> **RECORD SET**

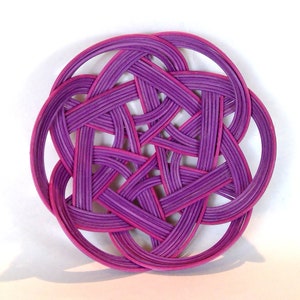 May include: A circular coaster with a complex, woven design. The coaster is predominantly purple with pink highlights, creating a striking contrast. The intricate pattern suggests a handcrafted item, suitable for home decor.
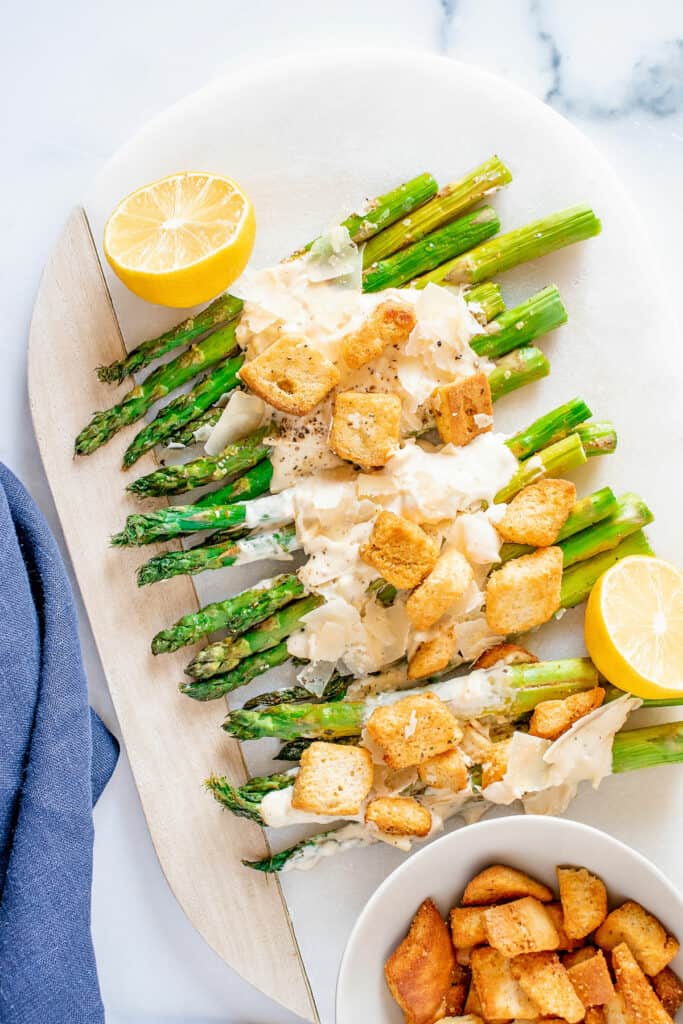 roasted Caesar asparagus on white serving platter with lemon halves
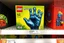 Placeholder: Lego box on display at a toy store shelf, LEGO™️ box labeled "BEKSINSKI", image on box is a nihilistic six fingered hand made out of Lego blocks with nightmarish faces on the fingertips, sinister, pronounced clear LEGO block raised pip textures on all surfaces, unsettling juxtaposition of lego fun and Zdzislaw Beksinski's nightmare surreal art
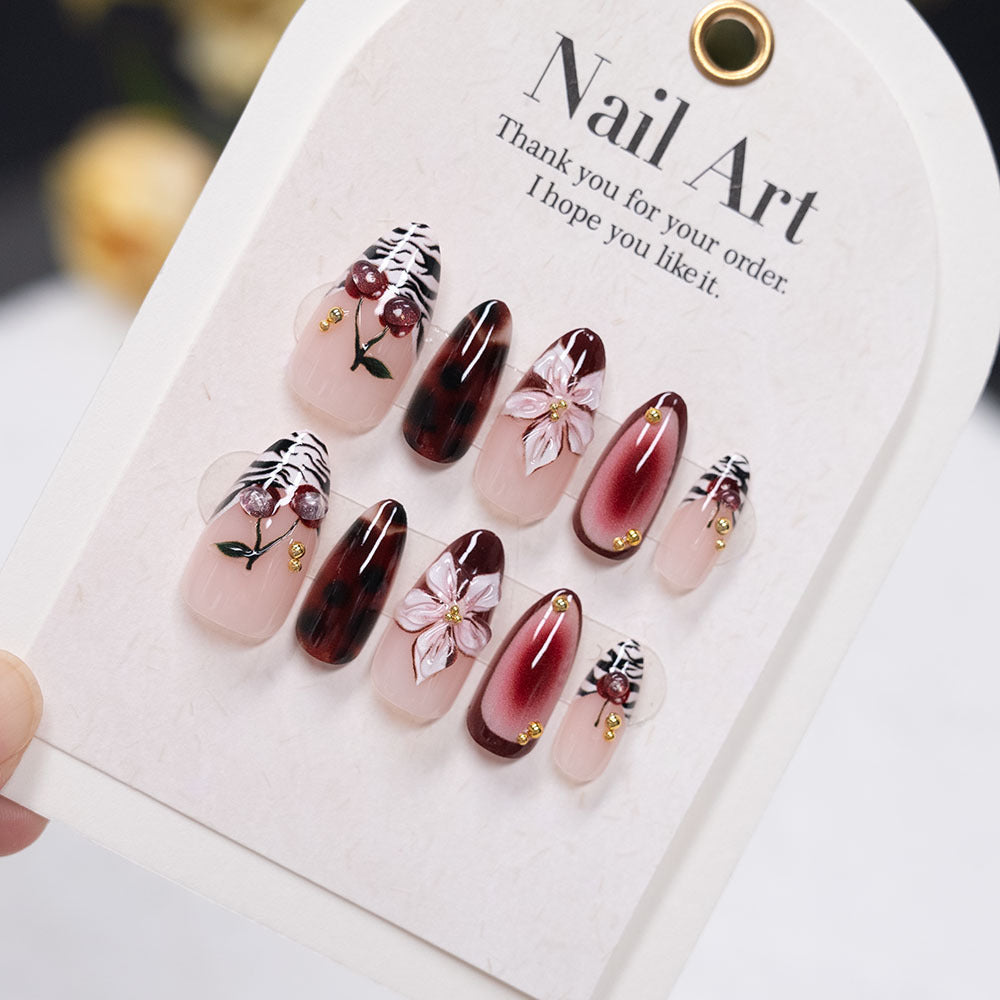 Artistic Stiletto Press-On Nails with Floral and Abstract Designs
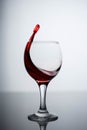 Splashes of red wine in a glass on a black glossy glass on a white background Royalty Free Stock Photo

> **BRIEF**
Write out the data above exactly, minus any images.

> **SOLVED EXERCISE**
 May include: A circular coaster with a complex, woven design. The coaster is predominantly purple with pink highlights, creating a striking contrast. The intricate pattern suggests a handcrafted item, suitable for home decor.
 roasted Caesar asparagus on white serving platter with lemon halves
 Placeholder: Lego box on display at a toy store shelf, LEGO™️ box labeled "BEKSINSKI", image on box is a nihilistic six fingered hand made out of Lego blocks with nightmarish faces on the fingertips, sinister, pronounced clear LEGO block raised pip textures on all surfaces, unsettling juxtaposition of lego fun and Zdzislaw Beksinski's nightmare surreal art
 Artistic Stiletto Press-On Nails with Floral and Abstract Designs
 Splashes of red wine in a glass on a black glossy glass on a white background Royalty Free Stock Photo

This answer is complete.